You can test that things are going as expected if the following command does not raise any exception:

python3 ~/airflow/dags/

2.1.1. Validate metadata

You can chech that the tutorial dag has been properly created with:

# print the list of active DAGs
airflow list_dags

# prints the list of tasks the "tutorial" dag_id
airflow list_tasks tutorial

# prints the hierarchy of tasks in the tutorial DAG
airflow list_tasks tutorial --tree

2.1.2 Run the test

You can launch tasks with the following commands:

# command layout: command subcommand dag_id task_id date

# testing print_date
airflow test tutorial print_date 2015-06-01

# testing sleep
airflow test tutorial sleep 2015-06-01

# testing templated
airflow test tutorial templated 2015-06-01

3. Use Airflow UI

Of the great things about airflow is the Domain LogoAirflow UI.

Airflow DAGs

Airflow Graph

Airflow Grid

3.1. Open EC2 ports (optional)

If you are using and AWS EC2 you will probably have only the 22 port open to connect through SSH.

  1. Go to AWS console and then to the EC2 page. Use the sidebar to go to NETWORK & SECURITY/Security Groups.
  2. Find the security group of your EC2 instance and edit the Inbound rules.
  3. Add Custom TCP Rule with port 8080.

3.2. Start Airflow

You can start airflow with:

airflow webserver -p 8080 # or simply use 'airflow webserver'

You can now view Airflow at XX.XXX.XXX.XXX:8080 (Use your EC2 IP).

3.3. Secure Airflow UI

First we will edit the airflow configuration.

nano ~/airflow/airflow.cfg

Inside the section [webserver] find the line authenticate=X and replace it with:


authenticate = True
auth_backend = airflow.contrib.auth.backends.password_auth

Install flask_bcrypt and start python:

pip3 install flask-bcrypt

# start python

And add a new user with:

import airflow
from airflow import models, settings
from airflow.contrib.auth.backends.password_auth import PasswordUser
user = PasswordUser(models.User())
user.username = 'new_user_name' = ''
user.password = 'set_the_password'
session = settings.Session()

4. Runing airflow with supervisor

If you want a process always runing and to be restarted on failure you should use supervisor.

4.1. Clean examples and other tests

Edit the airflow.cfg to disable the examples by editing load_examples = True to:


load_examples = False

If you still have examples runing you can reset the database:

airflow resetdb -y

This will delete all data be careful.

If you can’t delete the previous example try deleting ~/airflow/dags/ first.

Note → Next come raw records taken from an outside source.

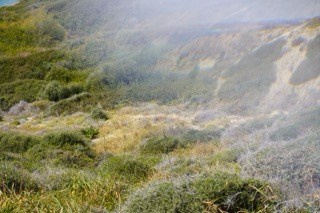 MAY. OLGA NEFF. Artist. Visual, Music, Poesy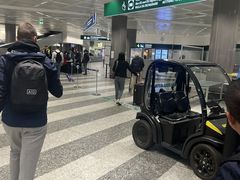 -米兰马尔彭萨国际机场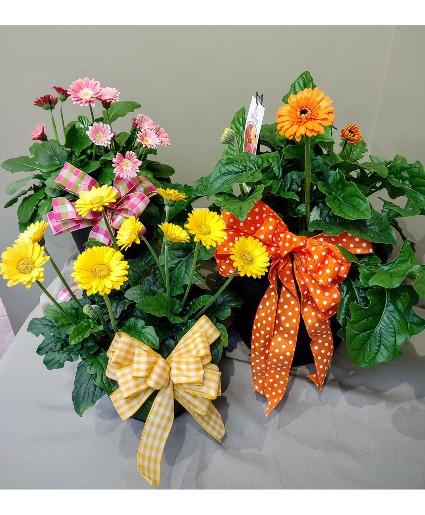 Gerbera Daisy Planter Plant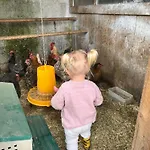 Apartmán Niedermaisgut *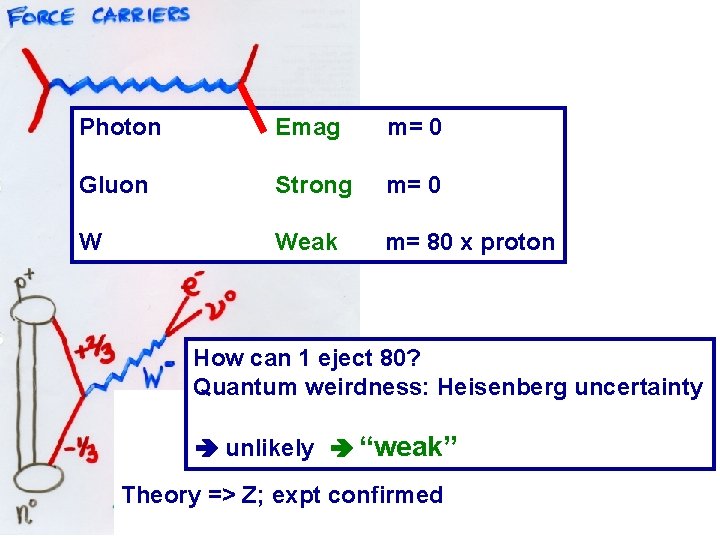 Photon Emag m= 0 Gluon Strong m= 0 W Weak m= 80 x proton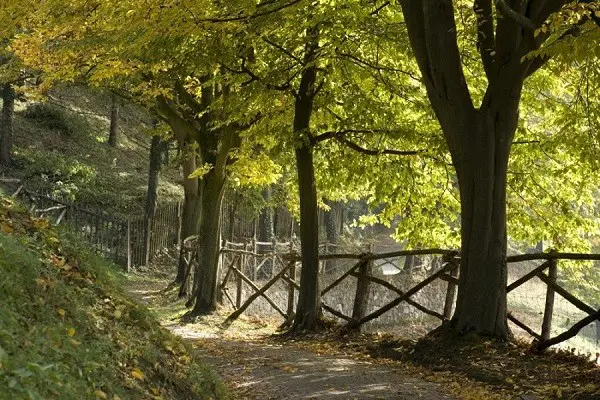 Parco-Sigurta-Gardameer (10)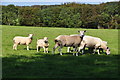 West Somerset : Grassy Field & Sheep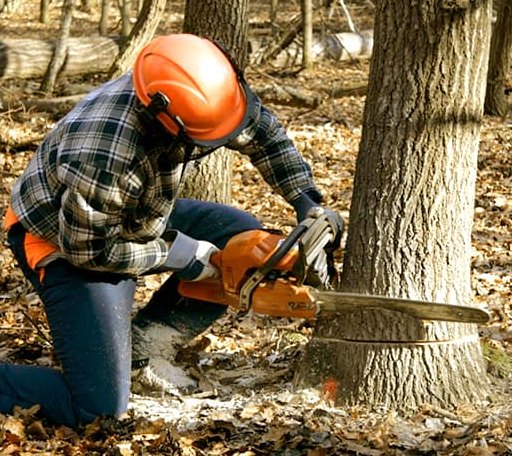 Tree Removal in Medway, ME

After cleaning all examples you should stop all airflow processes with:

pkill -f airflow

This will delete the current DAG information

4.2. Runing supervisor

First install it with:

sudo apt install supervisor -y

Then create a folder for the airflow logs:

sudo mkdir /var/log/airflow/

And now declare the airflow services by creating the file /etc/supervisor/conf.d/airflow.conf


command=airflow webserver -p 8080

command=airflow scheduler

We are runing airflow with ubuntu user since by default it gets installed to ~/airflow. You can change the default path and use another user.

Then start supervisor:

sudo supervisorctl reread
sudo service supervisor restart

# Check the result
sudo supervisorctl status

And that’s it. You can now start using airflow.

5. Next steps

You can add DAGs in the folder ~/airflow/dags and they should be automatically loaded.

It is advised to run airflow with at least a t2.medium AWS instance. You can run it with a smaller one (I use a t2.micro since it is in the free tier) but you can easily get your instance at 100% CPU usage while runing tasks.

5.1. Using git

You can even change that path to a folder that is tracked with git to keep control of the DAGs by editing the airflow.cfg:


dags_folder = "home/ubuntu/airflow_tasks/src"

To keep the code sync with the origin you could create an airflow task but it will fill the logs with unuseful information. This time ironically is better to use crontab to fetch the code. You can do it with:

crontab -e

Add this line at the end:

0 5 * * * cd /home/ubuntu/airflow_tasks && git fetch && git checkout master && git pull origin master

I use /home/ubuntu/airflow_tasks for the repo path and the folder src for DAGs path. But you can use whatever you want.